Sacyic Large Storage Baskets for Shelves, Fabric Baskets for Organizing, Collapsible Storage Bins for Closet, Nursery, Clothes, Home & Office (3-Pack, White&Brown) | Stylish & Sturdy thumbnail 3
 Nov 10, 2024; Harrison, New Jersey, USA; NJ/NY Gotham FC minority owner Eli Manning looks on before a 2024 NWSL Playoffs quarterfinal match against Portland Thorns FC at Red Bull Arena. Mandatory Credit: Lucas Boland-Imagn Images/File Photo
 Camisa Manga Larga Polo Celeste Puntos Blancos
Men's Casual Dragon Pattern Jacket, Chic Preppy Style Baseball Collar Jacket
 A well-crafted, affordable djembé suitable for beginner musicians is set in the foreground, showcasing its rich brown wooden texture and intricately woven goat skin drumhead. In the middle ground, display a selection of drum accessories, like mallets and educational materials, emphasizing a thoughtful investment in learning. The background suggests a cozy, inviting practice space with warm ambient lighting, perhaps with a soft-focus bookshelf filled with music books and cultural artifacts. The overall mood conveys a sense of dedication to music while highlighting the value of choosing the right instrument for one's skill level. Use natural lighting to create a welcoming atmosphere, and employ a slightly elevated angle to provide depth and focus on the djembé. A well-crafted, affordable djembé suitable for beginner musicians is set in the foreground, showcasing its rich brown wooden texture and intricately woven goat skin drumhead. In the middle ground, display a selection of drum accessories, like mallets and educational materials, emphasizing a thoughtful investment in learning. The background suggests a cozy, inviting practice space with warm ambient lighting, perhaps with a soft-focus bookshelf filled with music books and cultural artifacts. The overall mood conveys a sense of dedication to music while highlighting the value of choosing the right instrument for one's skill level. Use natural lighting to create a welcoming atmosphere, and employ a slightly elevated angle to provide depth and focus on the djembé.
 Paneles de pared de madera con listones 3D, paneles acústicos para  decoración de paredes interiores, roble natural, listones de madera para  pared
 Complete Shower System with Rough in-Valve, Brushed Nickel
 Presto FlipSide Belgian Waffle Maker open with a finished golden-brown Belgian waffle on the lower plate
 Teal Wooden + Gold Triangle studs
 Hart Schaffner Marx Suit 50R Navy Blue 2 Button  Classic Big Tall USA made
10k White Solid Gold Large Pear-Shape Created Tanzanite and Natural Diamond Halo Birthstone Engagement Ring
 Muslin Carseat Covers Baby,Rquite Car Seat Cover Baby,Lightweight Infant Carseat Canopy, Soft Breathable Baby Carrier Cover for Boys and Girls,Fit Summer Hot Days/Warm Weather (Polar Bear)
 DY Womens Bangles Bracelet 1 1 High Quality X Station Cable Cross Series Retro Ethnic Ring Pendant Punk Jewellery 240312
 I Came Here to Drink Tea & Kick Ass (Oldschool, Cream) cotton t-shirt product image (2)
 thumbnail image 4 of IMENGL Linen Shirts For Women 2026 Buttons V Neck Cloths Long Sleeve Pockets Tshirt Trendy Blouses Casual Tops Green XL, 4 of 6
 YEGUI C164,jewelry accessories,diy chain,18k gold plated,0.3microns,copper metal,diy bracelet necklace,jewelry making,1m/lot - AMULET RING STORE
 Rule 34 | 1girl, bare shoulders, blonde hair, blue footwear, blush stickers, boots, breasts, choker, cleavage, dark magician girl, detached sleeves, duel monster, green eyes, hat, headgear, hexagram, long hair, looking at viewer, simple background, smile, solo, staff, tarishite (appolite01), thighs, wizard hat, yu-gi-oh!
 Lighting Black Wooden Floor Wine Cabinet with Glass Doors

*PROMPT*
Retype exactly the lines above, from the one with "Nov 10, 2024;" through the one with "Men's Casual Dragon", inclusive.

*COMPLETED EXERCISE*
 Nov 10, 2024; Harrison, New Jersey, USA; NJ/NY Gotham FC minority owner Eli Manning looks on before a 2024 NWSL Playoffs quarterfinal match against Portland Thorns FC at Red Bull Arena. Mandatory Credit: Lucas Boland-Imagn Images/File Photo
 Camisa Manga Larga Polo Celeste Puntos Blancos
Men's Casual Dragon Pattern Jacket, Chic Preppy Style Baseball Collar Jacket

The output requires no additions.